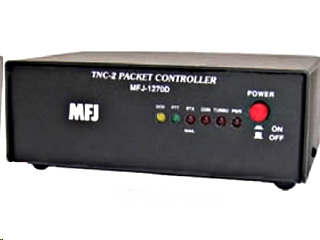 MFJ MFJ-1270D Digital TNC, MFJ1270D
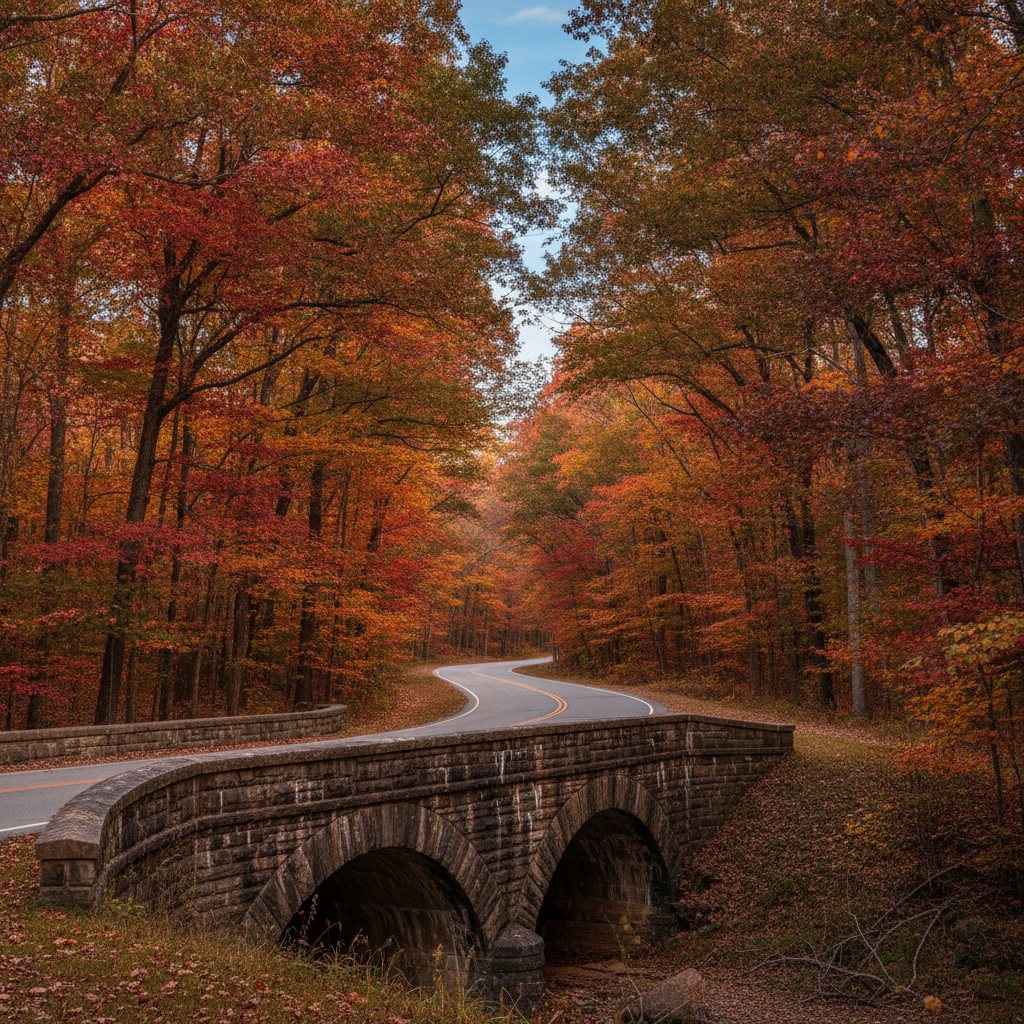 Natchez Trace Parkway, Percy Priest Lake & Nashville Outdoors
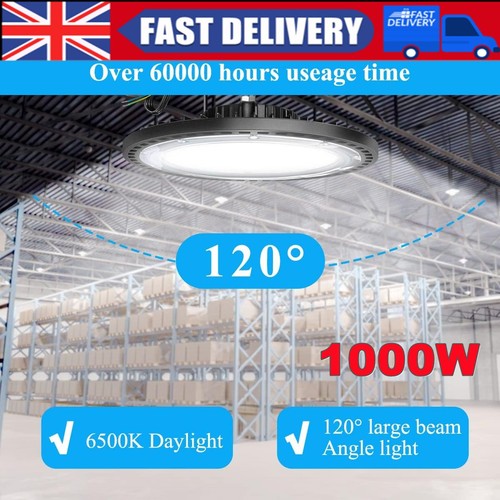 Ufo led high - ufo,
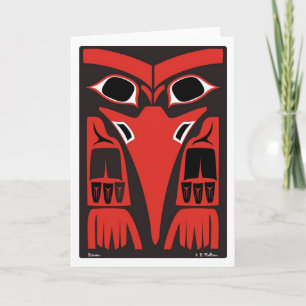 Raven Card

**What the task asks**
Return the whole of the material above exactly, with no picture carried over.

**Solution to this problem**
 MFJ MFJ-1270D Digital TNC, MFJ1270D
 Natchez Trace Parkway, Percy Priest Lake & Nashville Outdoors
 Ufo led high - ufo,
 Raven Card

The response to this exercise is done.